- _What this task involves_
Begin with the line containing "Meow Cat Paw", end with the last line of the records, and retype everything in between exactly, without the pictures.

- _Records supplied_
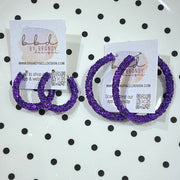 GLITTER ROPE HOOPS By Brandy Designs <br> PURPLE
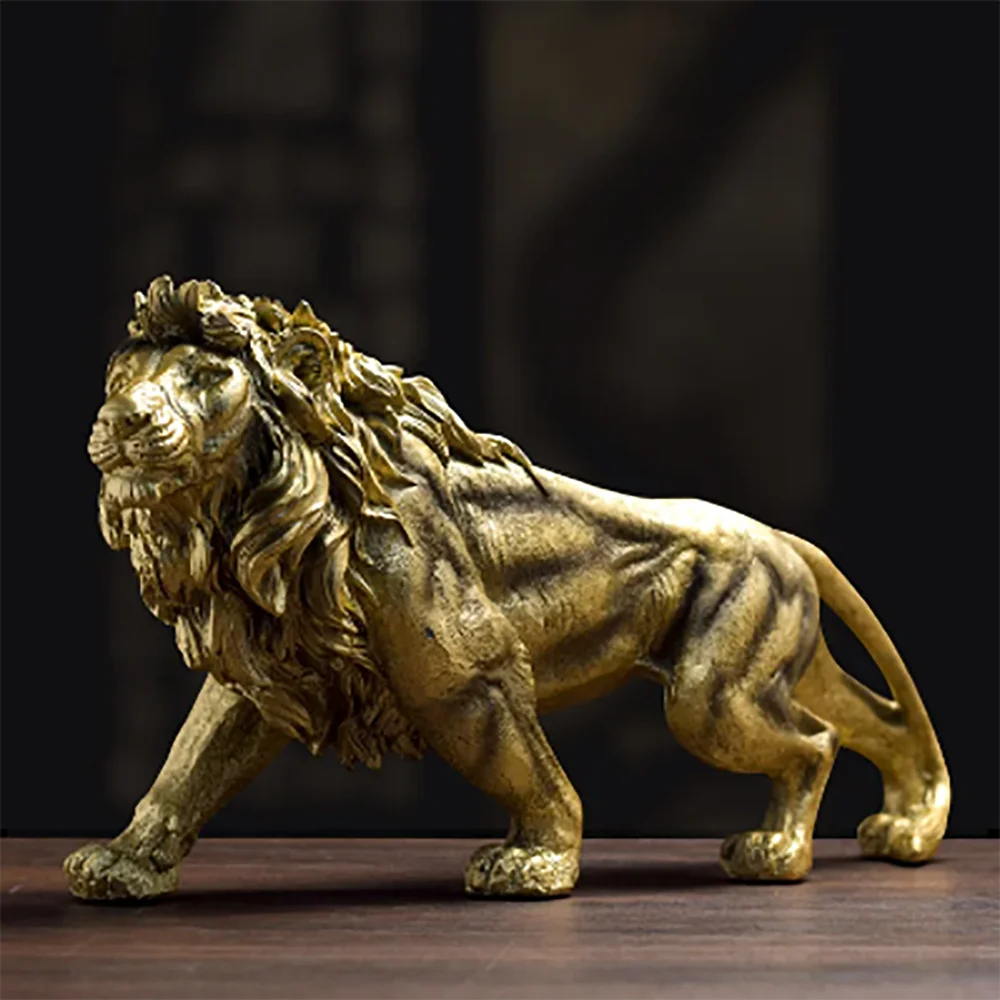 Golden Lion King Resin Ornament Home Office Desktop Animal Statue Decoration Accessories Living Room Home Decoration Ornament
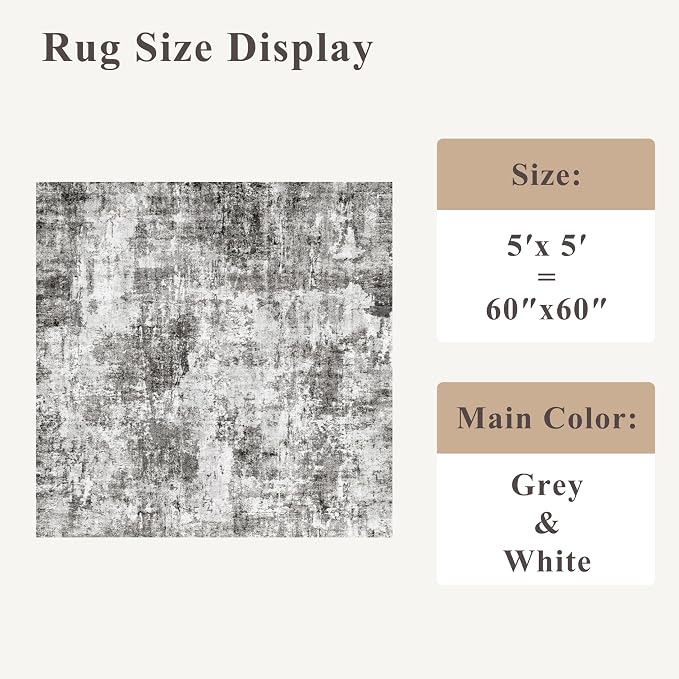 5x5 Square Entryway Rug Washable – Non-Slip Small Area Rug - Image 2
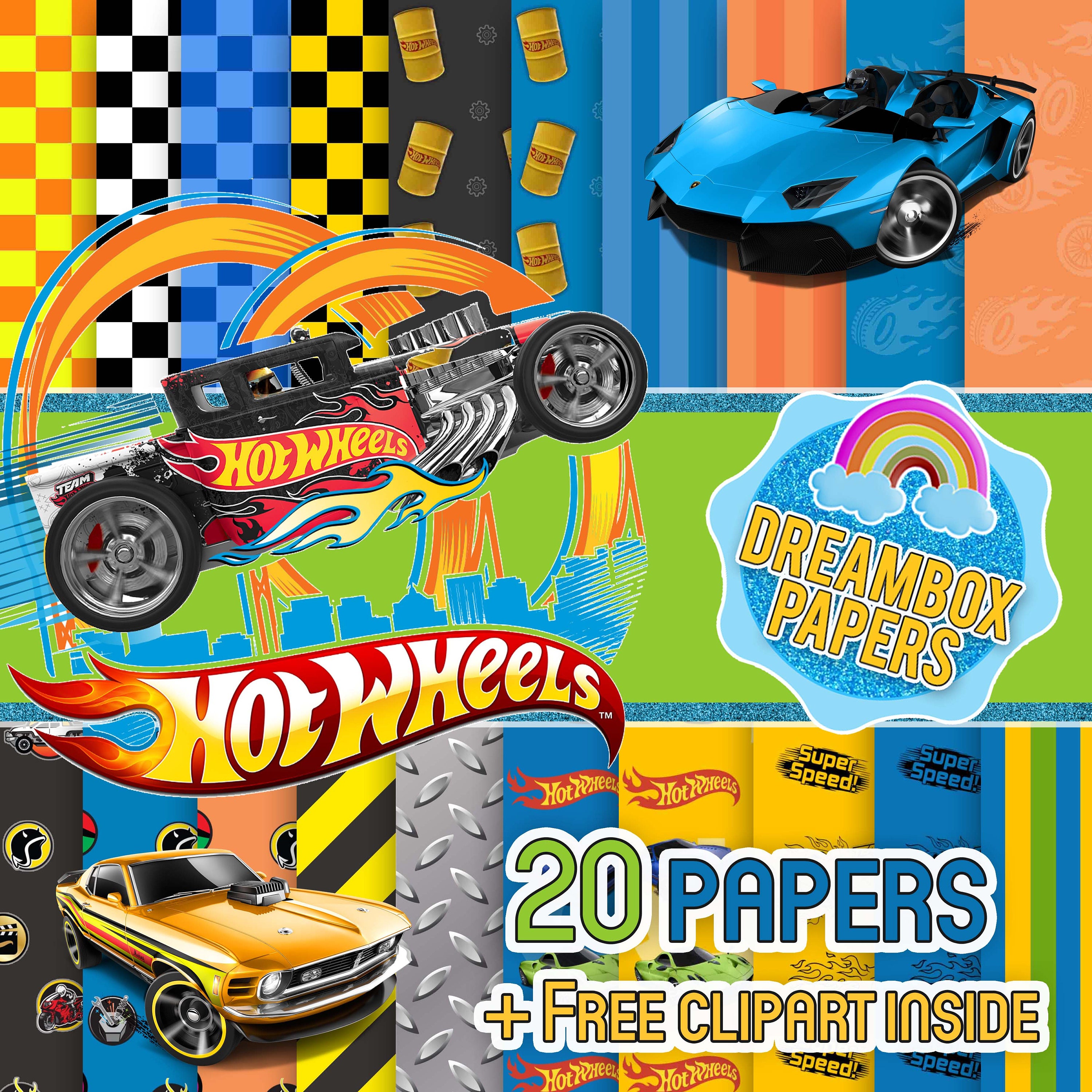 Hot Wheels Inspired Digital Papers Free Clipart Background - Etsy Singapore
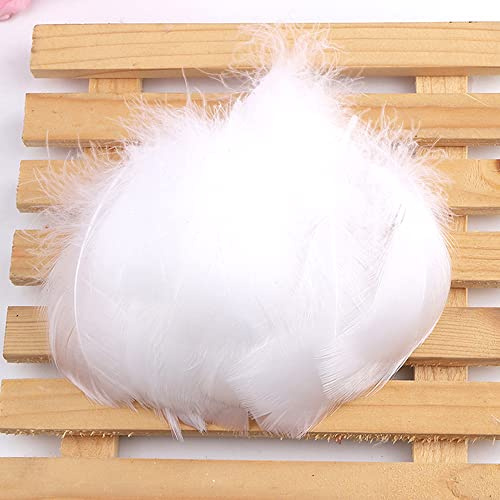 Duories 100 Stück Bunte Feder zum Basteln Naturfedern Gänsefedern Indianer Bastelfedern für DIY Kunstwerk Masken Hüte Ohrringe Haarschmucken Traumfänger Hochzeit Karneval Party Dekoration,7-12cm Weiß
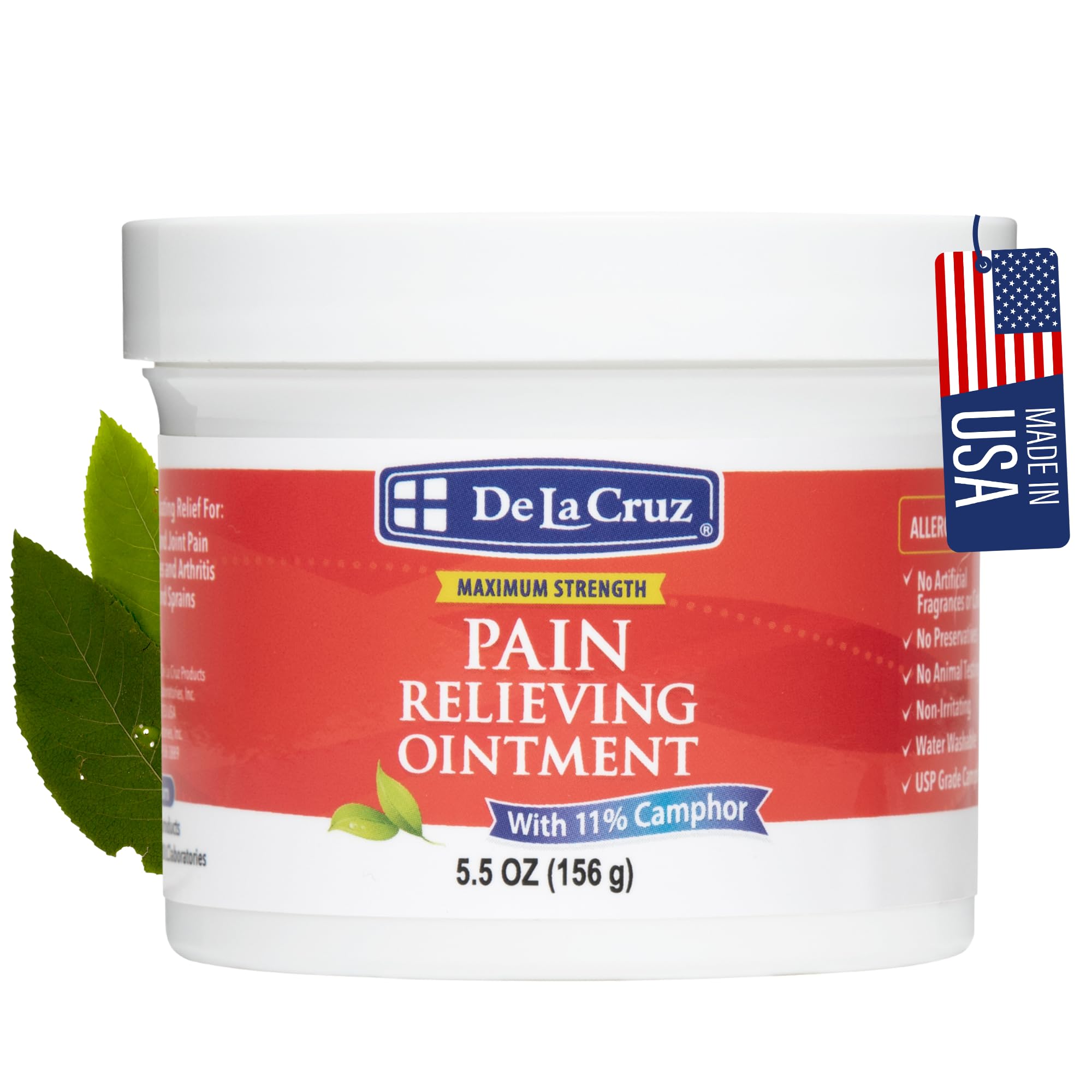 De La Cruz Cream - Maximum Strength Muscle and Joint Camphor Ointment to Reduce Pain 11% - 5.5 oz, Jumbo Jar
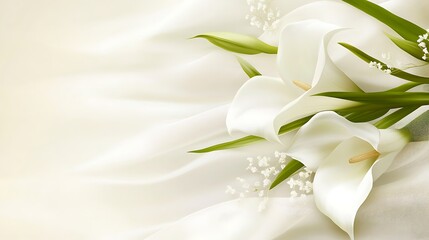 Obraz premium Elegant White Calla Lilies on Soft Fabric Background
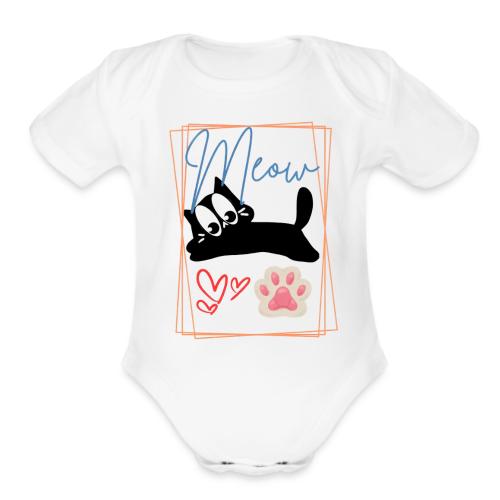 Meow Cat Paw Cute Kitty Lover Design - Organic Short Sleeve Baby Bodysuit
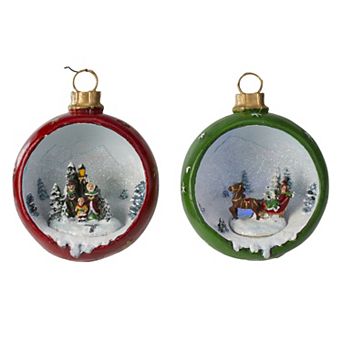 Set of 2 LED Lighted Winter Scene Christmas Ornament Decorations 5.75"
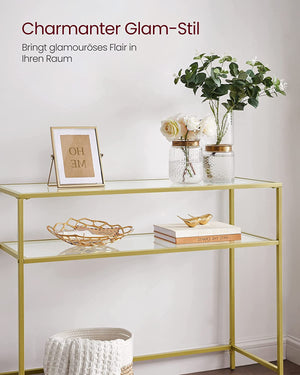 Gold Glass Console Table - Karrari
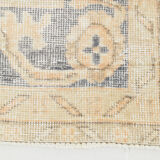 7x10 beige & navy blue vintage rug, 215x302cm
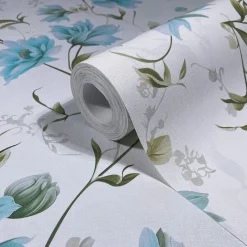 Vliestapete Blumen Blätter Weiß Blau Grün 89022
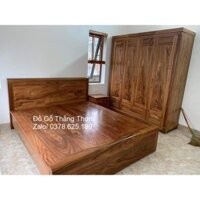 giường gỗ hương xám 2mx2m2 gỗ tự nhiên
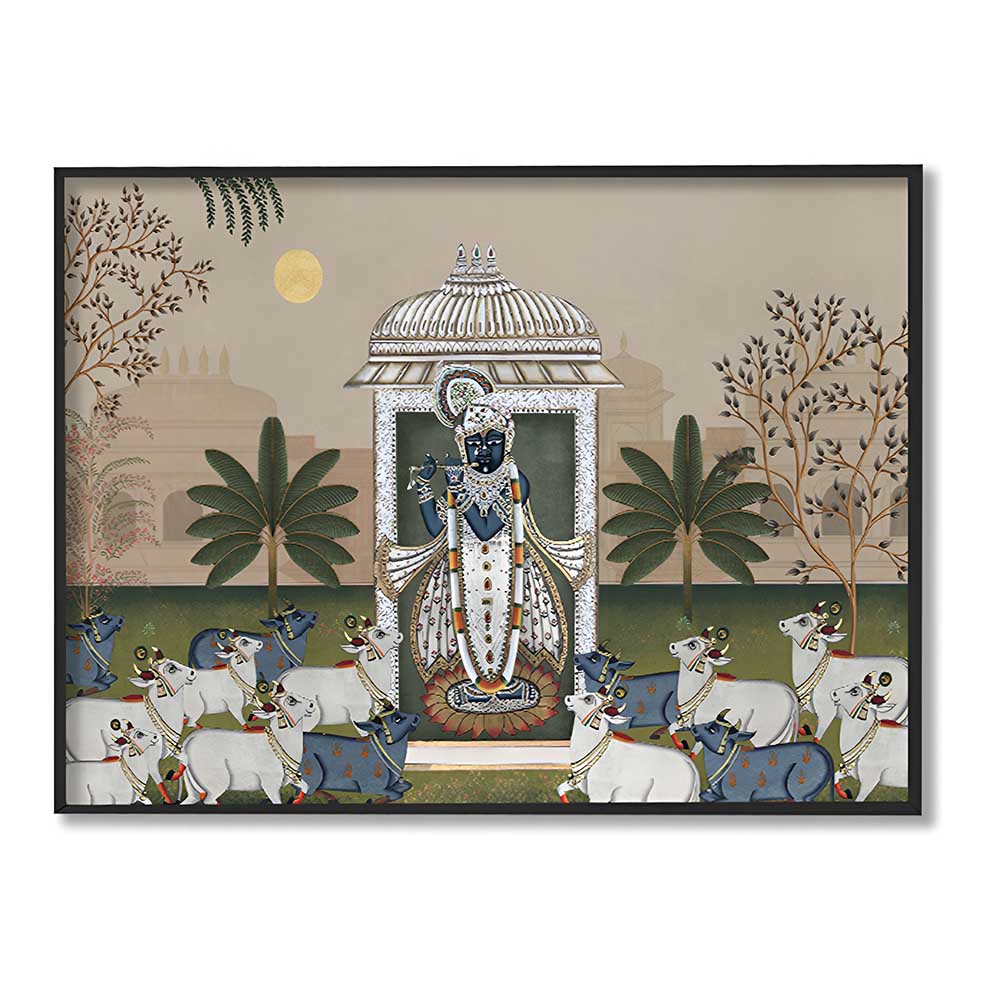 Shrinathji & Cows Landscape -Beige Traditional Artwork Canvas Print for Wall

- _Response to this task_
 Meow Cat Paw Cute Kitty Lover Design - Organic Short Sleeve Baby Bodysuit
 Set of 2 LED Lighted Winter Scene Christmas Ornament Decorations 5.75"
 Gold Glass Console Table - Karrari
 7x10 beige & navy blue vintage rug, 215x302cm
 Vliestapete Blumen Blätter Weiß Blau Grün 89022
 giường gỗ hương xám 2mx2m2 gỗ tự nhiên
 Shrinathji & Cows Landscape -Beige Traditional Artwork Canvas Print for Wall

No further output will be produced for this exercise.